5/12 リサイタルを終えて

ノナカ・アンナホールでの陶山 咲希&原 清夏ファゴットリサイタルが終演、並びに後日配信も終了いたしました♪


4月23日の緊急事態宣言発令時点ではギリギリ期間外となっておりましたが、リサイタル直前の5月7日に延長決定となり都のイベントへの措置はいずれもクリアしていたものの、関西から聴きに行く!と言ってくれていた友人たちが来れなくなってしまったり、その他キャンセルも若干数出ていたため、感染状況も相まって改めて予定通り開催するかどうかとても悩みました。

悩んだ末、主催の方にライブ配信の提案をしましたところ、急遽のため既に配信チームの方々の予定が重なっていたにも関わらずスタッフお一人に対応していただき、なんとか宣言下12日に有観客+後日動画配信という形で開催が実現いたしました。

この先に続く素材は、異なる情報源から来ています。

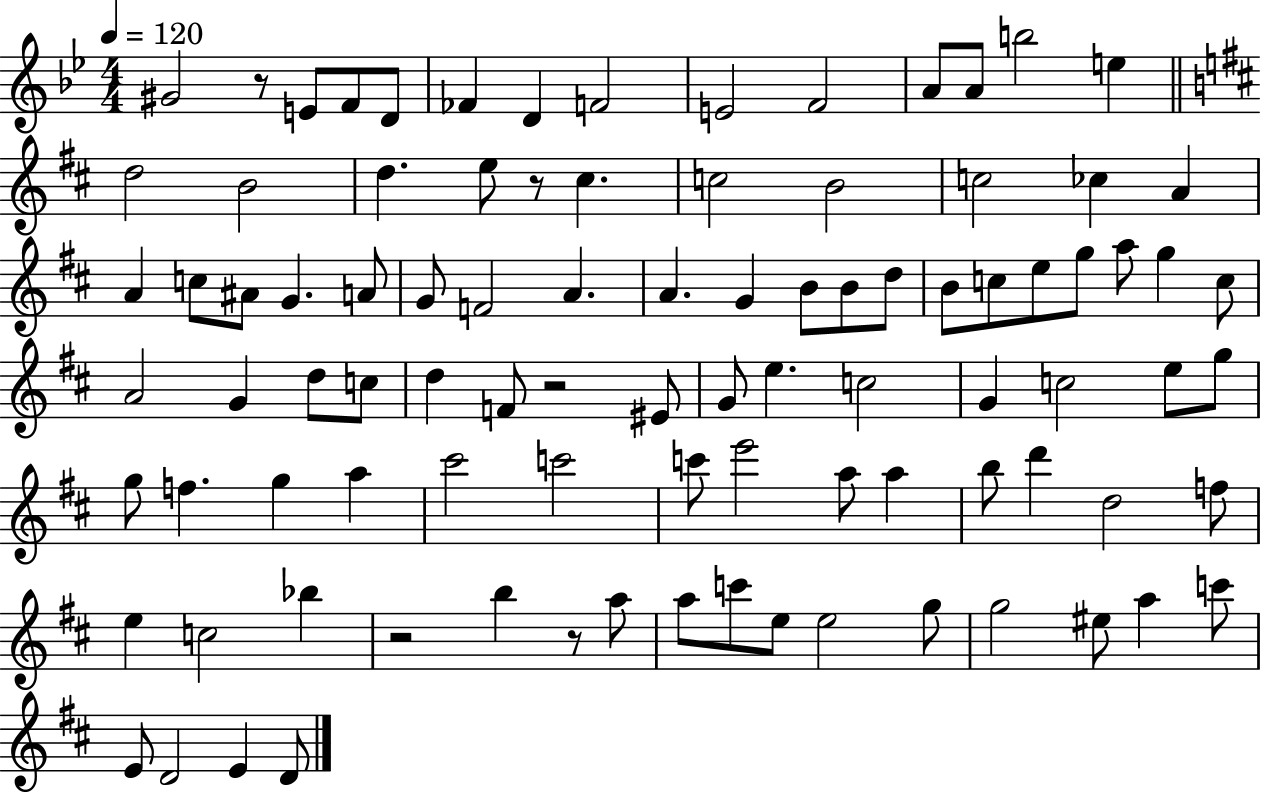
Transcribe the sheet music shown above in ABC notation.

公演から2週間以上経過しましたが陽性等のご連絡はいただいておらず、安心しております。


今回、ご縁があって地元ではない関東地方で初めてのリサイタル開催ということで、現在は芸劇のアカデミーがある度に関西から通う程度のためにお客様が集まらないのではないか…と不安でしたが、関東圏のオーケストラ・音楽大学の方々や、関東在住の同級生、初めましての方などこの状況下色んな方々にお越しいただき、開催できたことも含めて若輩者ながらとても幸せだと思いました。

終演後、関東在住の中学・高校の同級生と


本番はと言いますと、とにもかくにも緊張した記憶しかありませんが(MCも言おうと考えていたことの4割ほどしか話せておりませんでした汗) 、先日じっくりとフィードバックを行い、リサイタルを通して多くの学びがあり、今後の課題もたくさん見つけることができました。

ちなみに、1時間のリサイタルプログラムを組んだことのなかった私はやりたい曲を詰め込み、合わせ練習が始まってから選曲を後悔し始めたのでした…(ましてや一曲目に無伴奏をもってくるなんて!昨年のお気楽な私を説教したいですが、素晴らしい曲たちの助けもありなんとか終演まで吹ききることができたのでホッとしております。。)


選曲といえば、ひとつの奇跡が起こりました。1か月ほど前に気が変わって差し替えたアンコール曲、フォーレの "夢のあとに" です。なんと、ちょうど5月12日はフォーレの誕生日だったのです!!差し替え時に誕生日だということは全く意識しておらず、本番当日の楽屋にてこのミラクルを知りました。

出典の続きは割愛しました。